The NATO deployment of Patriot air defense systems in Turkey will be defensive only and will not support a no-fly zone or any offensive operation, the North Atlantic alliance said in a statement on Sunday.
“Its aim is to deter any threats to Turkey, to defend Turkey’s population and territory and to de-escalate the crisis on NATO’s south-eastern border,” the NATO statement added.
The bloc said the decision for missile deployment was taken following “a military assessment by the Allies involved and NATO’s Military Authorities.”
“Germany, the Netherlands and the United States have offered to provide two Patriot batteries each. Germany will deploy its batteries to Kahramanmaras, the Netherlands will deploy its batteries to Adana, and the United States will deploy its batteries to Gaziantep,” according to the statement.
Turkey, a NATO member, has repeatedly scrambled jets along the countries' joint frontier and has responded in kind when shells from Syria came down inside its borders, fanning fears that the civil war could spread to destabilize the region.
Iran opposes the installation of NATO missiles as Western interference in the region and has said it could lead to a “world war.”

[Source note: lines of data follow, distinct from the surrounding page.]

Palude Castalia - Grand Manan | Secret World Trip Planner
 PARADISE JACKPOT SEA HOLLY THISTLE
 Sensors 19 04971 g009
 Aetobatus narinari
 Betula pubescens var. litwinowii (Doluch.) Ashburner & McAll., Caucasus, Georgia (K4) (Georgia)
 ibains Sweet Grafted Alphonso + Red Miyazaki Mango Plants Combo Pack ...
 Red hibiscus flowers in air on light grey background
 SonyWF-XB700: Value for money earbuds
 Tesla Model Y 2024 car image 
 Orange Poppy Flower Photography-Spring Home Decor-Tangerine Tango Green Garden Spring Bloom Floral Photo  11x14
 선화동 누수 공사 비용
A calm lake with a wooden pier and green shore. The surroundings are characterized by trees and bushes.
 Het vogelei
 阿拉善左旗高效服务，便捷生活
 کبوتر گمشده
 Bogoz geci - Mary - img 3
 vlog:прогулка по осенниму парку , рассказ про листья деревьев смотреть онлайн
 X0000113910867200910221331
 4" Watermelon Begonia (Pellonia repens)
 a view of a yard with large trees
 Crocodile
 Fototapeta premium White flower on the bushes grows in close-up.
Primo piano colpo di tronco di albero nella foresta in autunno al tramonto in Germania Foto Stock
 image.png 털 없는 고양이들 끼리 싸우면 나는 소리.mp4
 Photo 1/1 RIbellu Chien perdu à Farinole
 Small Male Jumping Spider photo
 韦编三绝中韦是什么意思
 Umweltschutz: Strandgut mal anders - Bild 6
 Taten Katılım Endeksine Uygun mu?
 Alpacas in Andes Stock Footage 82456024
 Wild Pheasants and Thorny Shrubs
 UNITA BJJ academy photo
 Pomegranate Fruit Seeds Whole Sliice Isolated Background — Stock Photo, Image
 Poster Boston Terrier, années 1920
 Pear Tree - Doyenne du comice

“The installation of Patriot missiles in Turkey plays no role in establishing Turkey’s security and this harms the country of Turkey,” Iranian Defense Minister Ahmad Vahidi said on Saturday, according to the Iranian Students’ News Agency (ISNA).
“The West has always pursued its viewpoints and interests and we disagree with the presence of Western countries in regional interactions,” he added.
Meanwhile, Russia said it was installing its advanced air defense systems S-400 near the border with Turkey.
Russian Col. Igor Gorbul was quoted by Turkey’s daily Hurriyet as saying that the installation of S-400 anti-aircraft missiles will be completed by the end of this year.